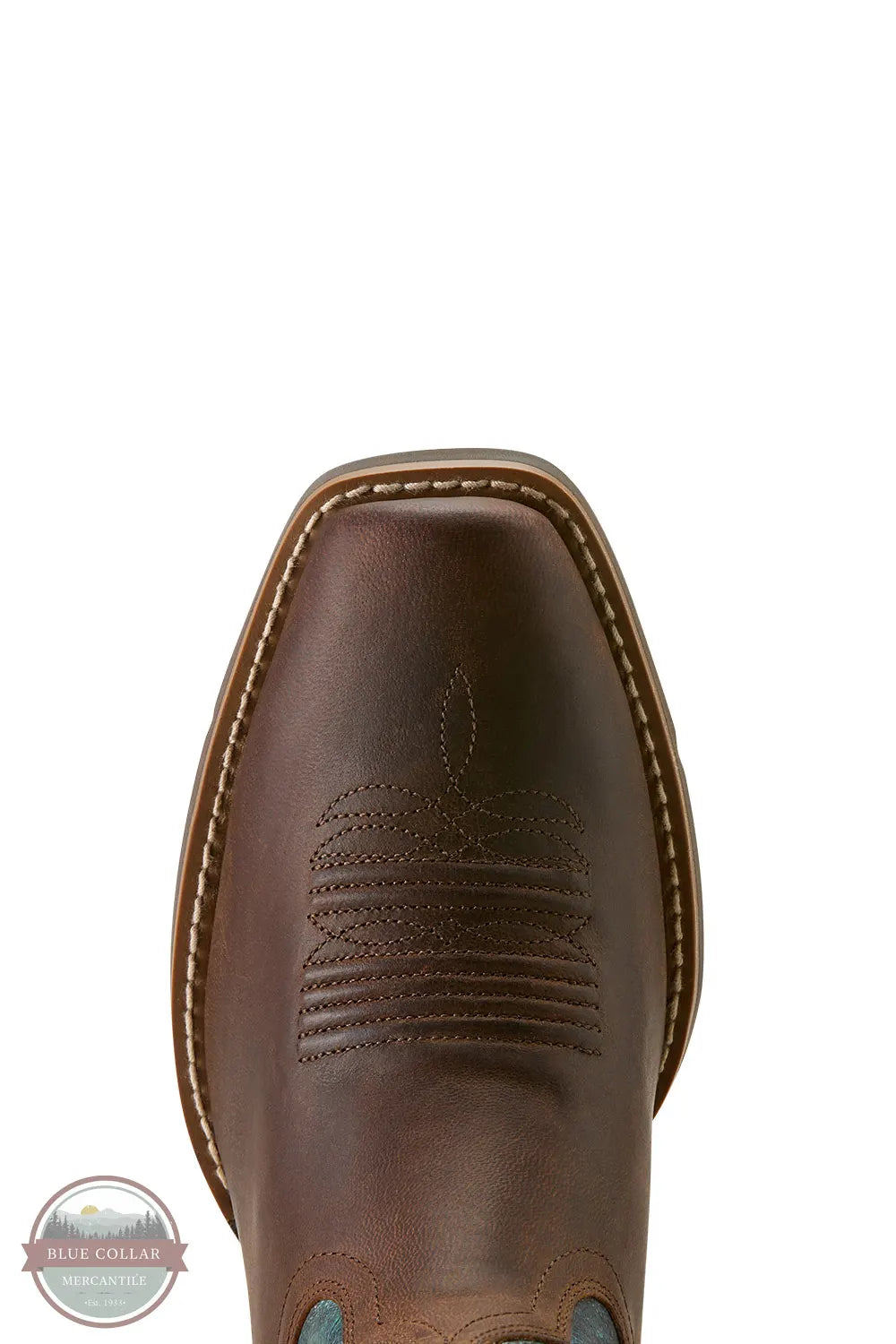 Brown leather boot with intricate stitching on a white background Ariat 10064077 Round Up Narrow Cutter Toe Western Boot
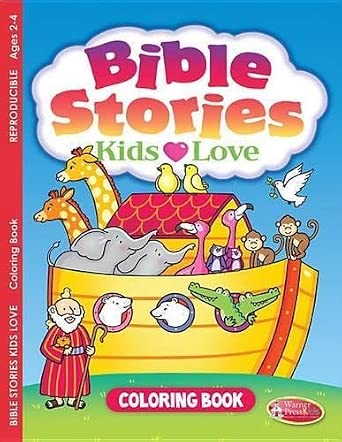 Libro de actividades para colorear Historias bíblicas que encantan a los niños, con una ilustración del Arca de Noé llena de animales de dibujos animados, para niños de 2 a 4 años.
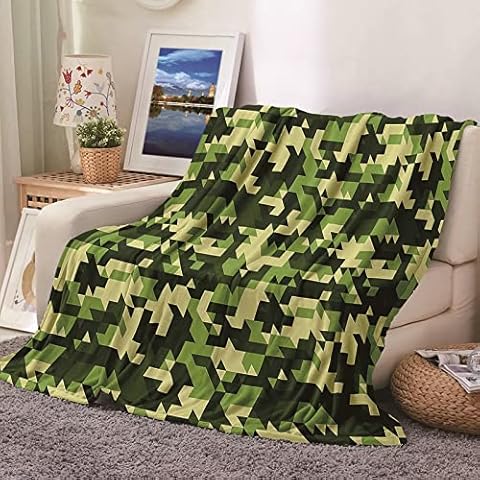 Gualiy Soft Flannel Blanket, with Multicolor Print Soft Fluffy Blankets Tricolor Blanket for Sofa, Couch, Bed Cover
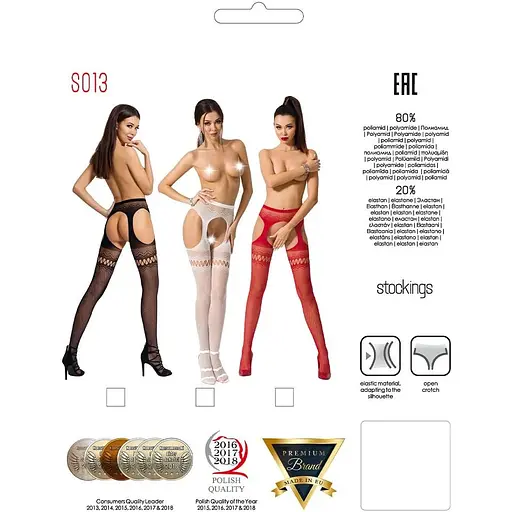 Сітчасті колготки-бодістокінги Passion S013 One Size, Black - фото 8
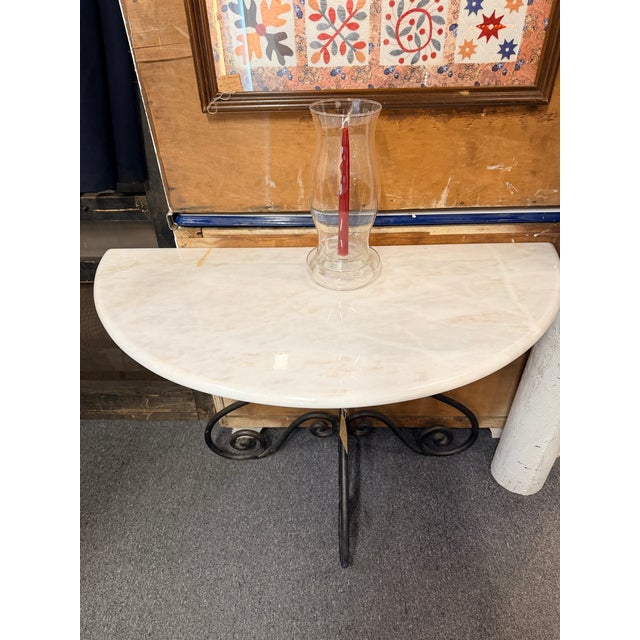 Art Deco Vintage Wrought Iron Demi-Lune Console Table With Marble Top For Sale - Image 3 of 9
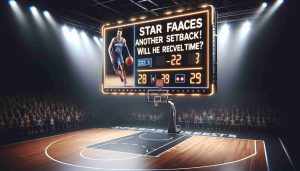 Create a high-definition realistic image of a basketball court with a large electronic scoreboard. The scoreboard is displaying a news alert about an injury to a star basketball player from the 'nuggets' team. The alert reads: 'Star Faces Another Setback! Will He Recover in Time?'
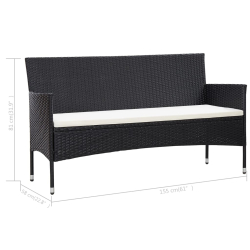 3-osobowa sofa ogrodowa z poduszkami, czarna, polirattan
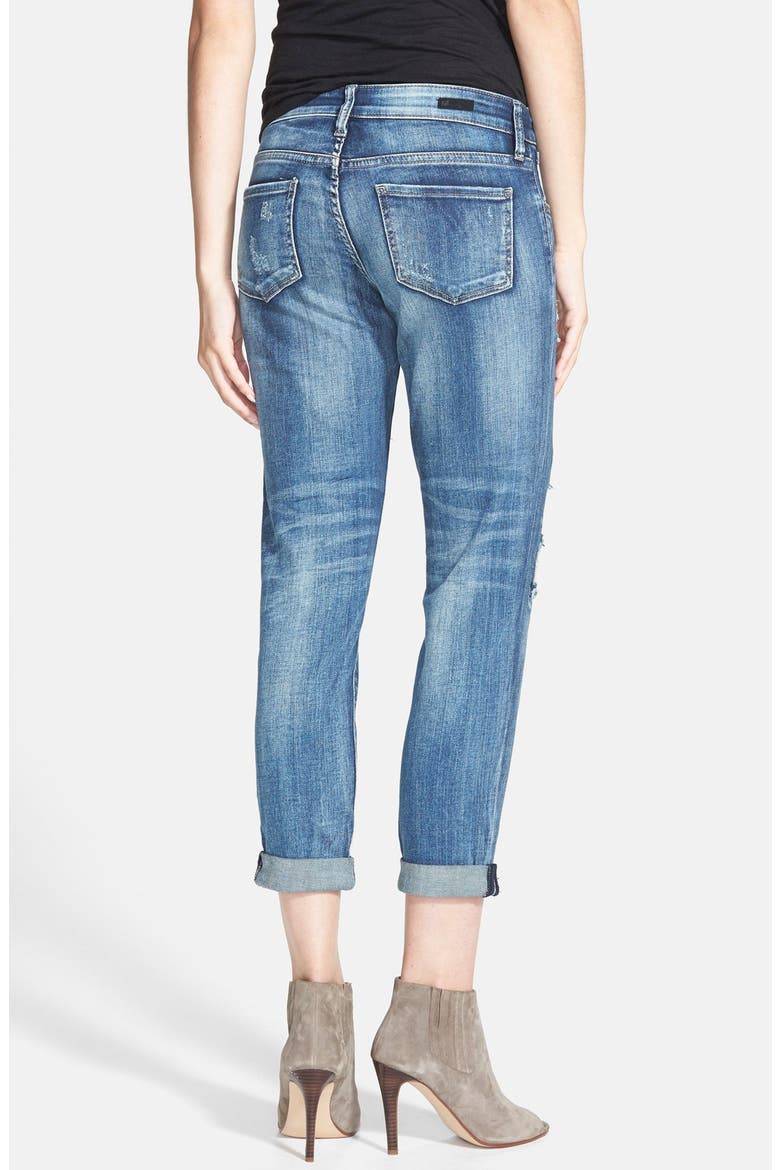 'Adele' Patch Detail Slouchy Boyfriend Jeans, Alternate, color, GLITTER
-------------------------
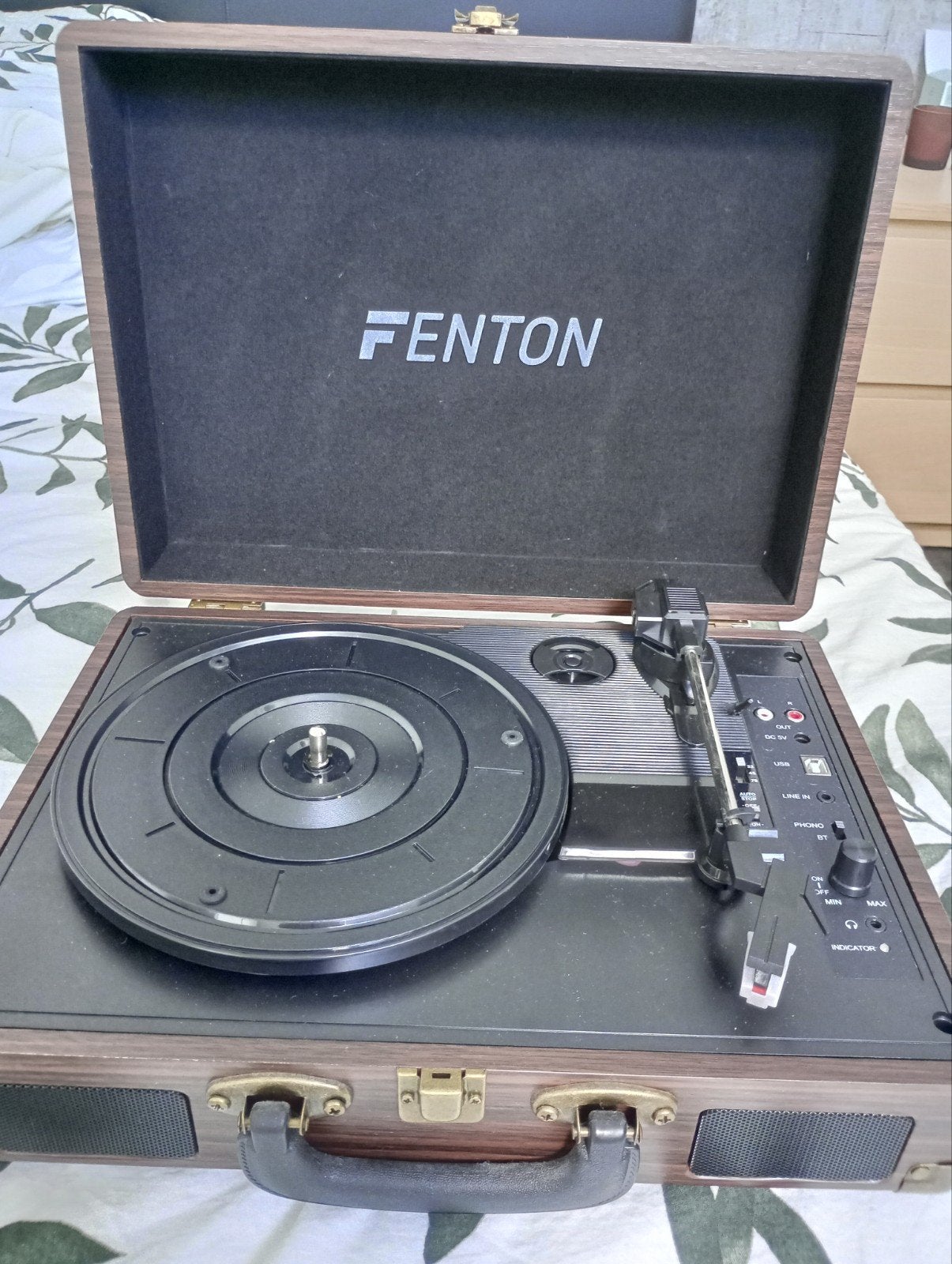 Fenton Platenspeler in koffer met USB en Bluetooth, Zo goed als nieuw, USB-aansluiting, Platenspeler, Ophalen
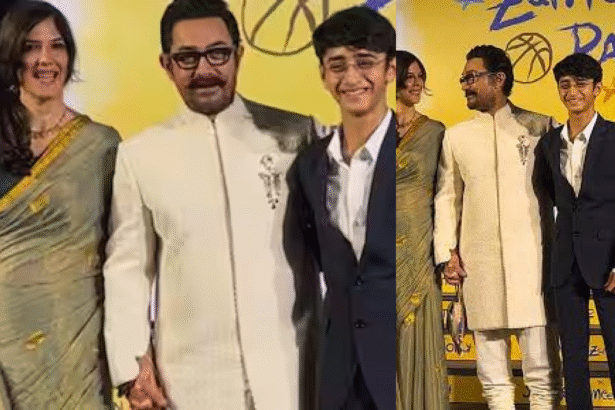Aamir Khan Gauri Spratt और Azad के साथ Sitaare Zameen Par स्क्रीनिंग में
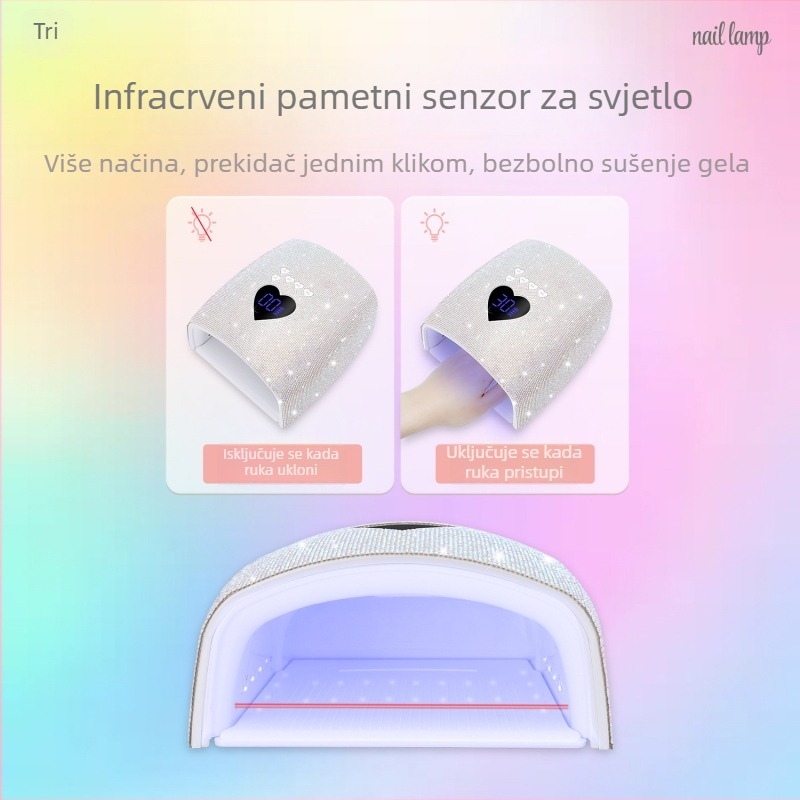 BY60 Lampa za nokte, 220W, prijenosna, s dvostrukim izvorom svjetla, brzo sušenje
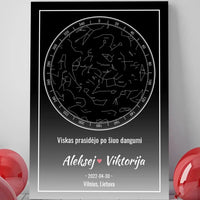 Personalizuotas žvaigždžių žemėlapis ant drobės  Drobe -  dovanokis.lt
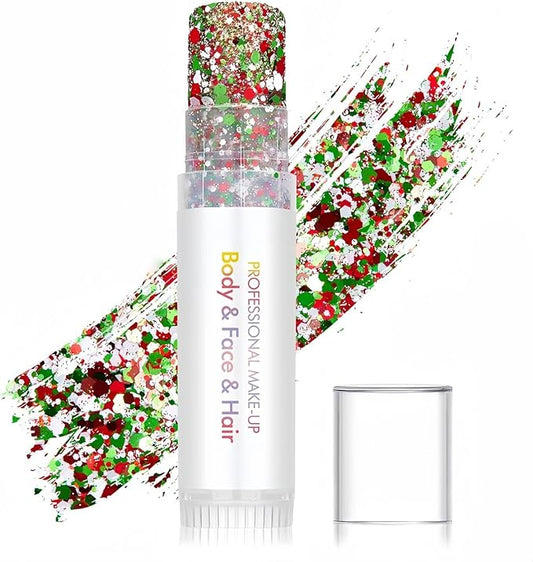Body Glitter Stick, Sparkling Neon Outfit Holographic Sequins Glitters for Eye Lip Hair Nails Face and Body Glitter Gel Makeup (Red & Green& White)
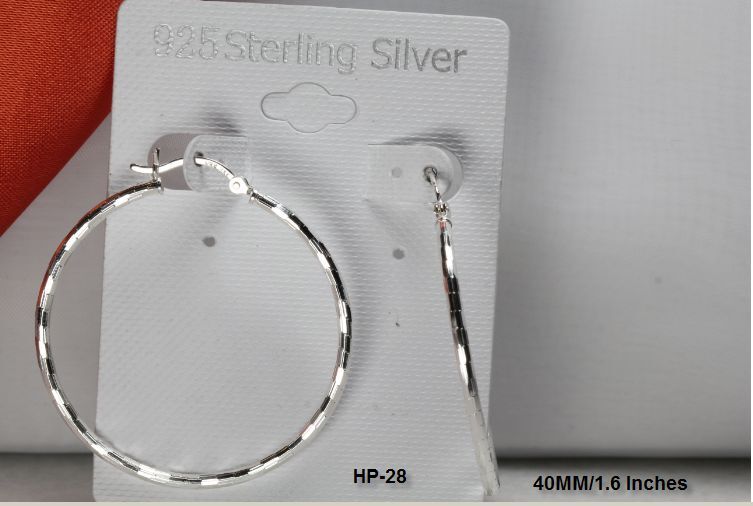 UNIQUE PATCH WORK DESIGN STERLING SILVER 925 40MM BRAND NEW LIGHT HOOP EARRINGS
-------------------------
## [YOUR TASK]
Retype only the lines above from the one with "Art Deco Vintage" through the one with "Alternate, color, GLITTER", exactly and with both ends. Images stay out.

## [ANSWER TO THIS TASK]
 Art Deco Vintage Wrought Iron Demi-Lune Console Table With Marble Top For Sale - Image 3 of 9
 Create a high-definition realistic image of a basketball court with a large electronic scoreboard. The scoreboard is displaying a news alert about an injury to a star basketball player from the 'nuggets' team. The alert reads: 'Star Faces Another Setback! Will He Recover in Time?'
 3-osobowa sofa ogrodowa z poduszkami, czarna, polirattan
 'Adele' Patch Detail Slouchy Boyfriend Jeans, Alternate, color, GLITTER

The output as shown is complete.